When To Use A Build Artifact Repository

When to use a Build Artifact Repository

An in-house build artifact repository such as Artifactory, Nexus, or CheeseShop takes effort to setup and maintain, so why have one? In simple circumstances, you probably shouldn't bother with the overhead. But, as your project and environment grow more complex, an artifact repository is critical to maintaining order and agility.

Formal libraries strengthen the case for an artifact repository

Good software design focuses on clean, well factored, loosely coupled systems. Two common ways such organization is enforced are namespacing and more formal library mechanisms.

Namespace based organization

If a related set of functionality is only used by a single code-base, something as simple as namespace separation is frequently sufficient. As an example, a developer might place all math-related Python modules into a "math" subdirectory. Usage code can then leverage the code with an import line such as:

from math.money import Money

This is not sufficient to avoid circular dependencies between the library namespace and the usage code, but otherwise it does a decent job of grouping related functionality.

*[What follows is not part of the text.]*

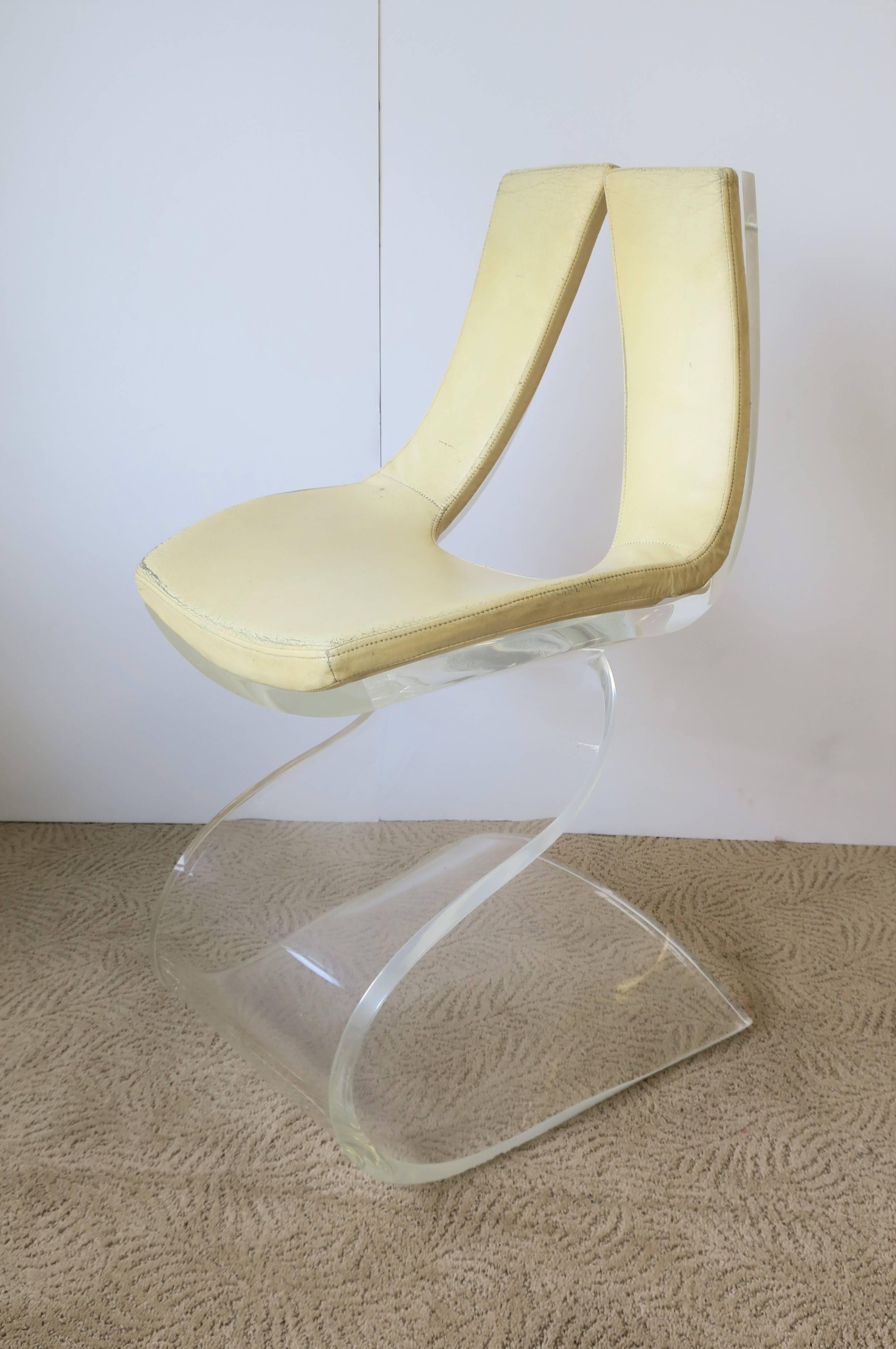 French Modern Lucite and Leather Designer Chair, France 1970s 5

Library based organization

When more than one code-base requires access to the same functionality, organizing the common code into its own library has a large number of advantages. These advantages include:

• Avoiding duplication of code and additional maintenance effort (DRY principle)
• Avoiding circular dependencies
• Allowing usage code to selectively specify which version of a library it depends upon
• Allowing each subsystem referencing the library to maintain an independent release cadence
• Simplifying cross-team coordination

Library-based organization is typically used in conjunction with namespace-based organization. As an example, a variety of math related utilities might be grouped together in a versioned Python library such as math_stuff-1.2.tgz. Internally, the package might contain separate namespaces (directories) for math.matricies, math.complexnumbers, and math.simple.

Why not use source control features instead of an artifact repository?

If you have experience using complex source control features to weave together an amalgamated code-base, you may question the value of sharing libraries in binary format. For example, many developers working in ClearCase leverage complex config specs to create an amalgamated source view. Similar techniques are possible using Subversion externals or Git submodules.

This approach inevitably results in multiple long-lived branches of the library. The effort of fully validating each change is multiplied by the number of branches the change is merged into. Full validation requires a significant set of activities, typically including: unit testing, integration testing, regression testing, load testing, and conducting code reviews.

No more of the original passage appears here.